• **TASK DIRECTIONS**:
Output every line below as it stands, dropping only the images.

══════════════════════════════

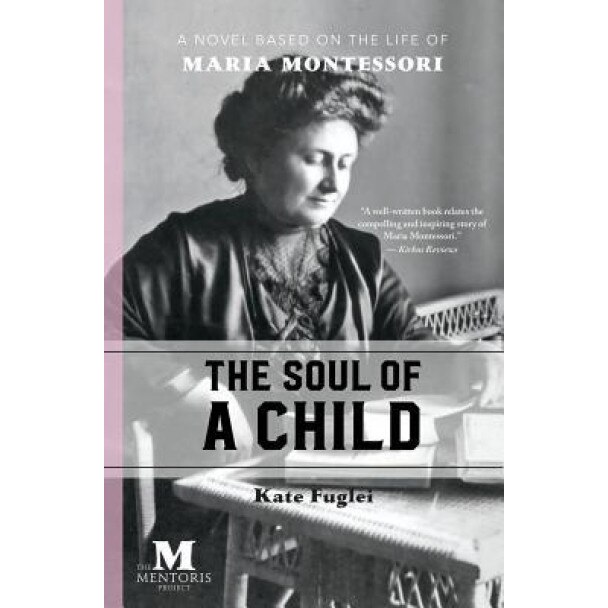 The Soul of a Child: A Novel Based on the Life of Maria Montessori, Kate Fuglei (Author)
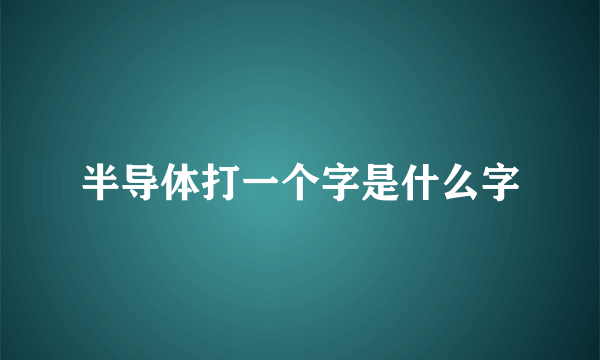 半导体打一个字是什么字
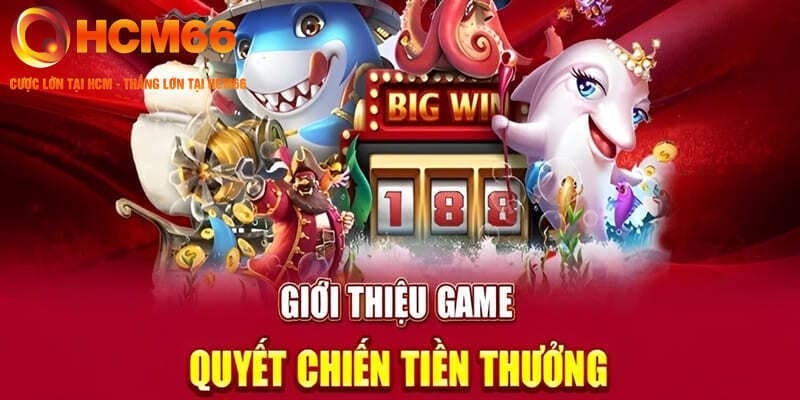 Thông tin chung về game nổ hũ quyết chiến tiền thưởng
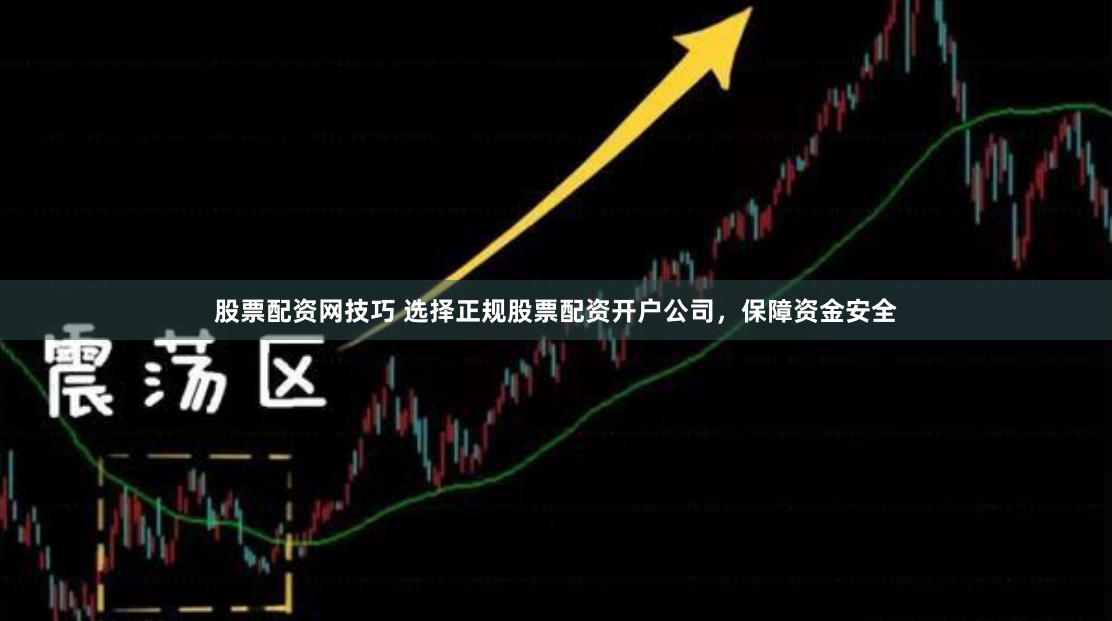 股票配资网技巧 选择正规股票配资开户公司，保障资金安全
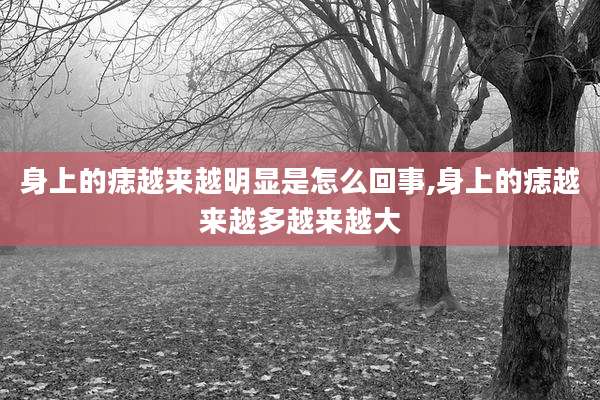 身上的痣越来越明显是怎么回事,身上的痣越来越多越来越大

══════════════════════════════

• **SOLUTION FOR THIS TASK**:
 The Soul of a Child: A Novel Based on the Life of Maria Montessori, Kate Fuglei (Author)
 半导体打一个字是什么字
 Thông tin chung về game nổ hũ quyết chiến tiền thưởng
 股票配资网技巧 选择正规股票配资开户公司，保障资金安全
 身上的痣越来越明显是怎么回事,身上的痣越来越多越来越大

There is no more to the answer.